Hodges devised what became the "Pearsall Plan." That plan balanced two highly controversial ideas: It allowed school patrons at local levels to determine whether to initiate the gradual merging of white and black schools; but it also established so-called "safety valves" for regions unwilling to start the process.

In retrospect this might seem a meager response to the high court's order. But at the time the alternative was "massive resistance." It was exploding in such states as Virginia, Arkansas and Alabama - governors standing at the schoolhouse doors in defiance of U.S. marshals.

North Carolina's moderate conservative leadership thought it could find a better way. In truth, some leaders used the Pearsall Plan as a device for doing little or nothing. But others, including this newspaper, viewed it as a useful beginning toward compliance and change.

Maybe it wasn't enough, as author Chafe reminds us in hindsight. It took the Greensboro schools a long, drawn-out, sometimes stormy 17 years to complete the process of desegregation. In the end it was accomplished gracefully, but in the interim it tore apart the educational and political fabric of the community, leaving gaps still hard to mend.
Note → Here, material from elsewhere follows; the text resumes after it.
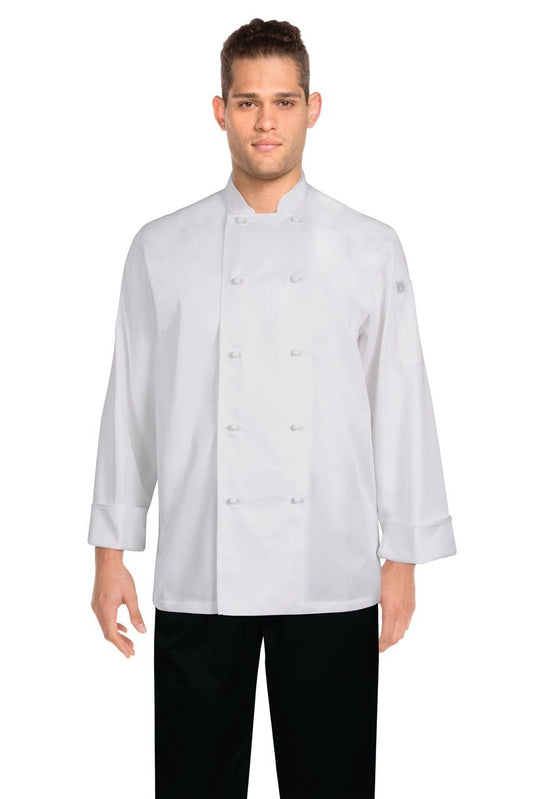 Chef Works Murray White Basic Chef Jacket - (MUCC)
So would it have been better to crack eggs? Would it have been better to seek immediate enforcement of the law and generate defiance and strife? As Gov. Hodges - and even the far more liberal Terry Sanford - recognized: With more massive desegregation policies, Professor Lake could have won the governorship and made the defiance even more protracted.

As it was, die-hard segregationists (including the Ku Klux Klan) made it hot for schools and newspapers. They burned crosses in front yards and smashed windows when one courageous young black girl broke the color line at Gillespie Park School in 1957.

Should there have been more hard-nosed integration orders and fewer civilities? Author Chafe says North Carolina's "progressive myth" made change harder to achieve.

I don't agree. I think the school board's efforts in 1954 to comply with the new law of the land reflected a healthy attitude of moderation among Greensboro's leadership. It helped reinforce the backbone of those four black students who boldly sat at the Woolworth lunch counter six years later.

The sanctuary of Greensboro's five college campuses played a valuable role in the unfolding struggle. I also believe the racial tolerance of leaders like Burlington Industries' J. Spencer Love and Cone Mills' Caesar Cone helped pave the way for more black freedom and better communication.

But Chafe had a point. Good manners can sometimes be an unsatisfactory substitute for substantial action toward correcting injustices. Today, however, when cynicism and rowdiness run rampant, I find it hard to criticize those who thought there could be civilities and civil rights.

William D. Snider is former editor of the News & Record.